(Data under study)

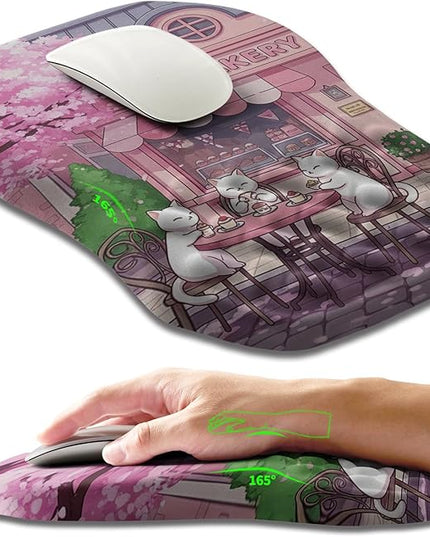 Ergonomic Slope Mouse Pad Wrist Support, Wrist Rest Mousepad for Carpal Tunnel Pain Relief with Massage Bulge and Slow Rebound Memory Foam (12x8 inch, Cat Bakery)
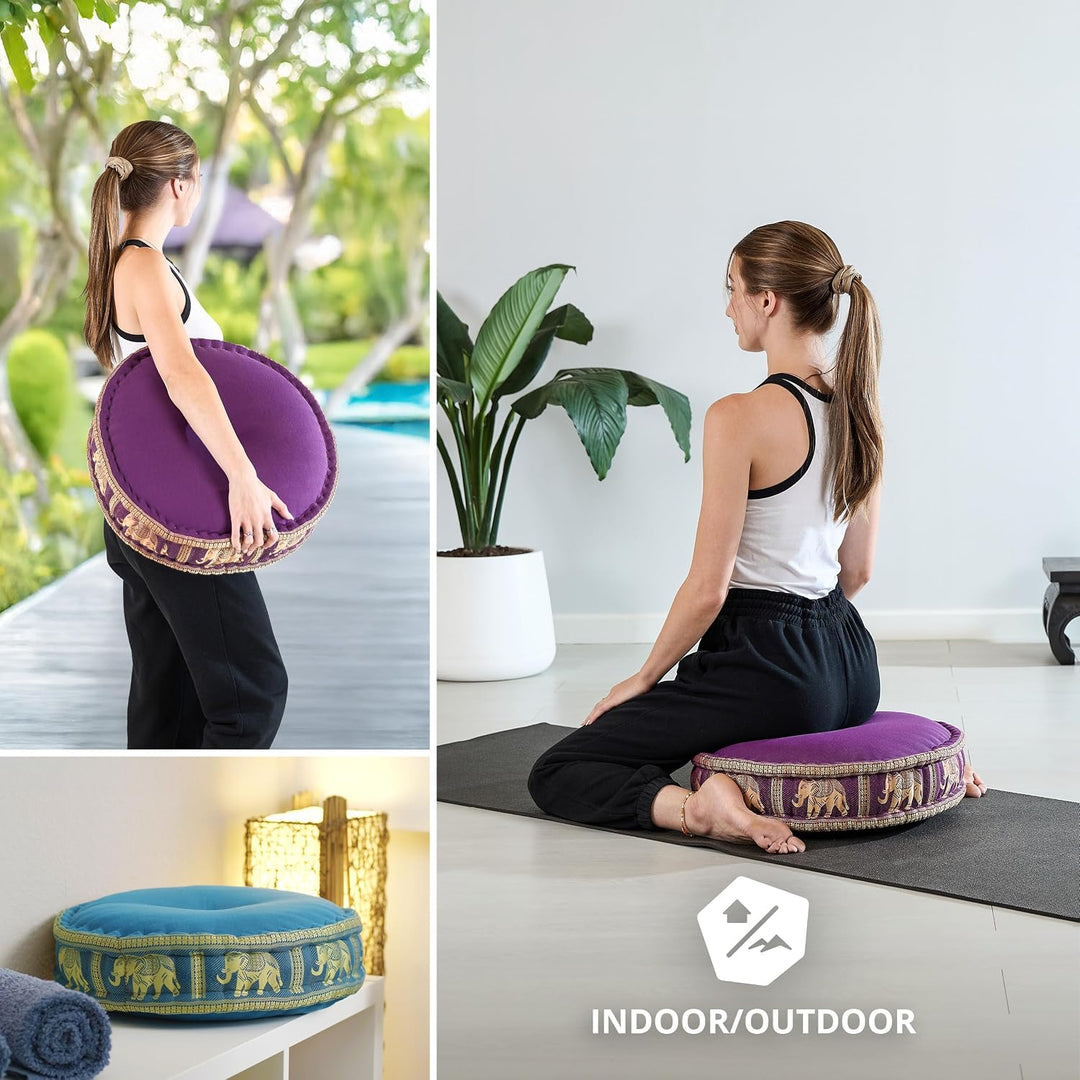 livasia Meditationskissen mit Thaiseide - Ø 45x15cm - Yogakissen mit Kapok, Pouf, Bodenkissen für Yo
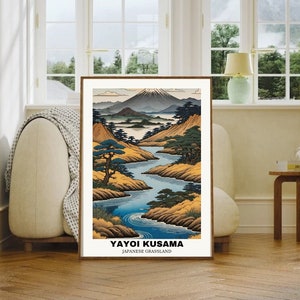 Yayoi Kusama Japanese Grasslands Poster, Yayoi Kusama Poster, Japandi Wall Art, Japanese Wall Art, Digital Download, Poster Japan Art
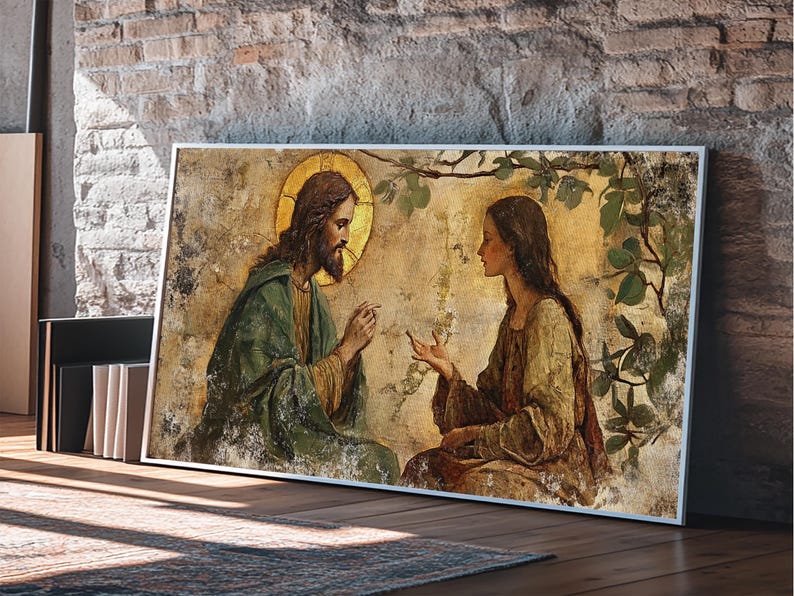 Noli Me Tangere Christ and Mary Magdalene Renaissance Framed Canvas Print | Resurrection Encounter Scene Large Religious Art for Home or Ch image 19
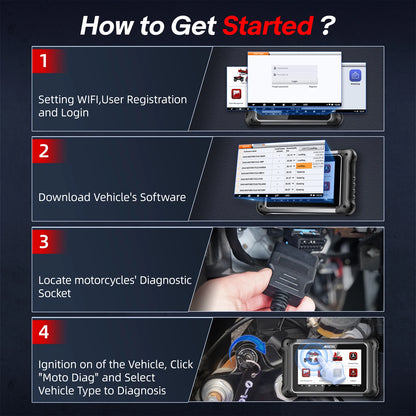 Motorfietsscanner – Diagnoseapparaat – Foutcode Lezer – Service Reset – 7-Inch Touchscreen – WiFi Updates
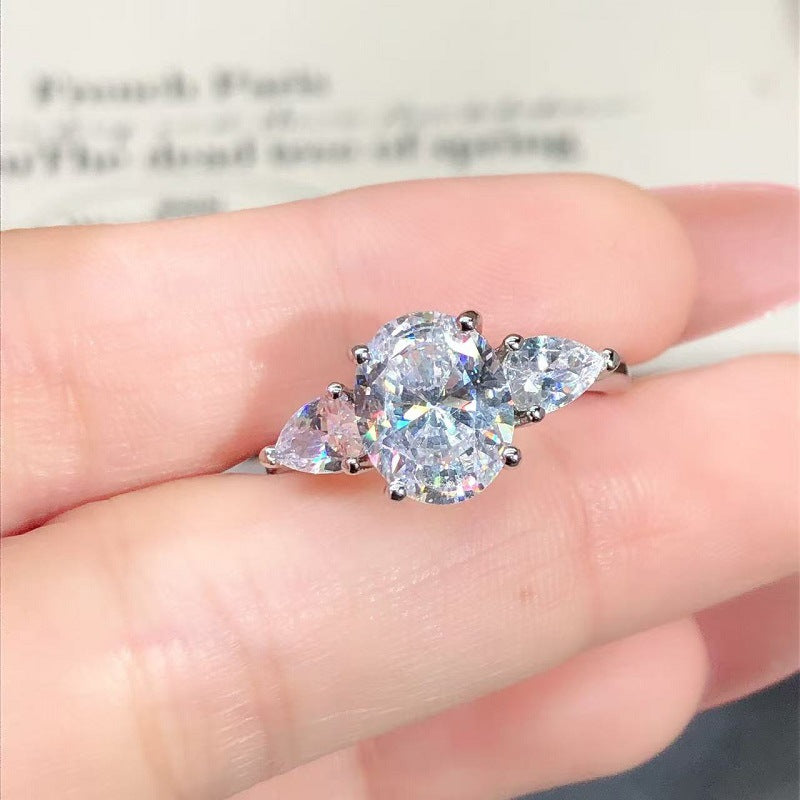 S925 Silver Adjustable Oval "Pigeon&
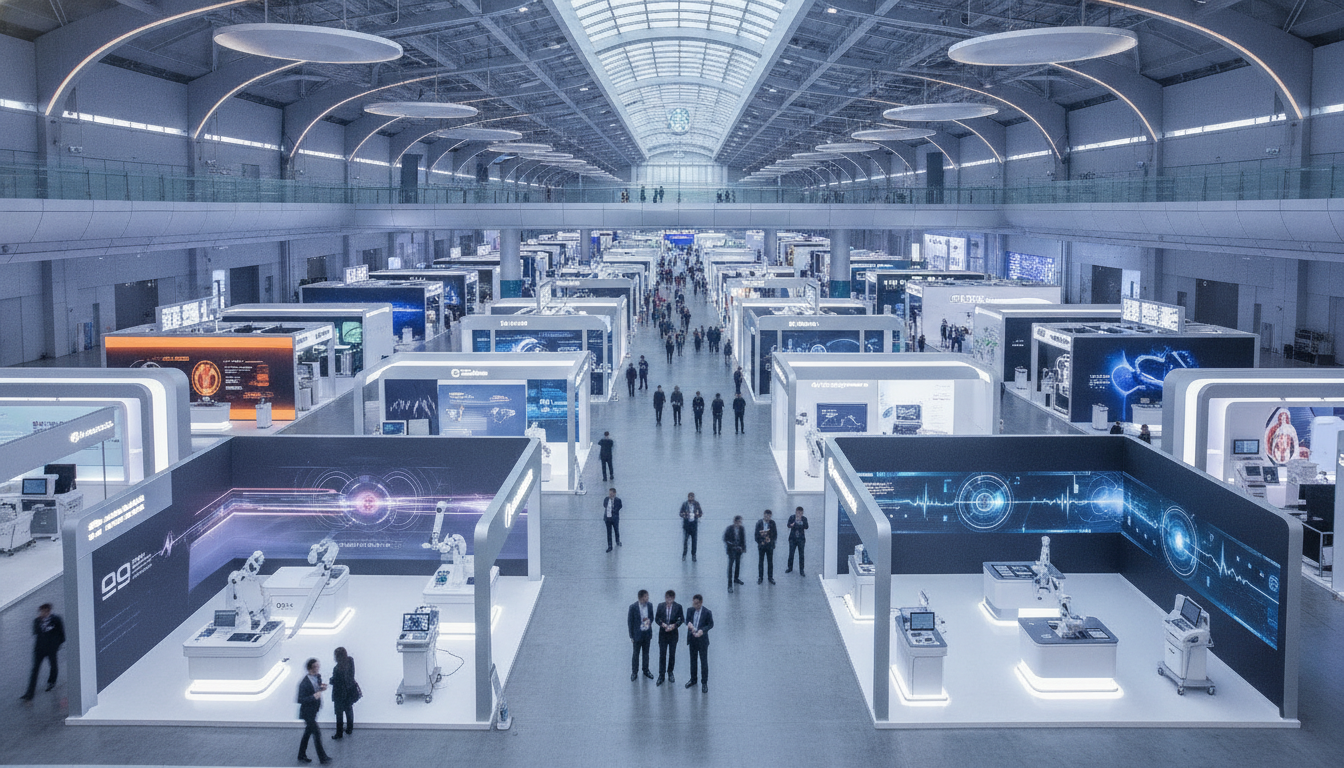 A bustling, modern medical exhibition hall in China showcasing various advanced technologies.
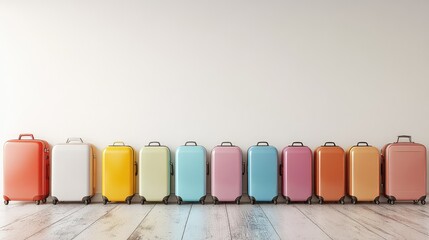 Aufkleber - A row of colorful suitcases aligned neatly in front of a blank, brightly lit white wall.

(End Data under study)

◆ Work to complete: One exact copy of the data is required, and it should hold no pictures.

◆ Solution to this task:
 Ergonomic Slope Mouse Pad Wrist Support, Wrist Rest Mousepad for Carpal Tunnel Pain Relief with Massage Bulge and Slow Rebound Memory Foam (12x8 inch, Cat Bakery)
 livasia Meditationskissen mit Thaiseide - Ø 45x15cm - Yogakissen mit Kapok, Pouf, Bodenkissen für Yo
 Yayoi Kusama Japanese Grasslands Poster, Yayoi Kusama Poster, Japandi Wall Art, Japanese Wall Art, Digital Download, Poster Japan Art
 Noli Me Tangere Christ and Mary Magdalene Renaissance Framed Canvas Print | Resurrection Encounter Scene Large Religious Art for Home or Ch image 19
 Motorfietsscanner – Diagnoseapparaat – Foutcode Lezer – Service Reset – 7-Inch Touchscreen – WiFi Updates
 S925 Silver Adjustable Oval "Pigeon&
 A bustling, modern medical exhibition hall in China showcasing various advanced technologies.
 Aufkleber - A row of colorful suitcases aligned neatly in front of a blank, brightly lit white wall.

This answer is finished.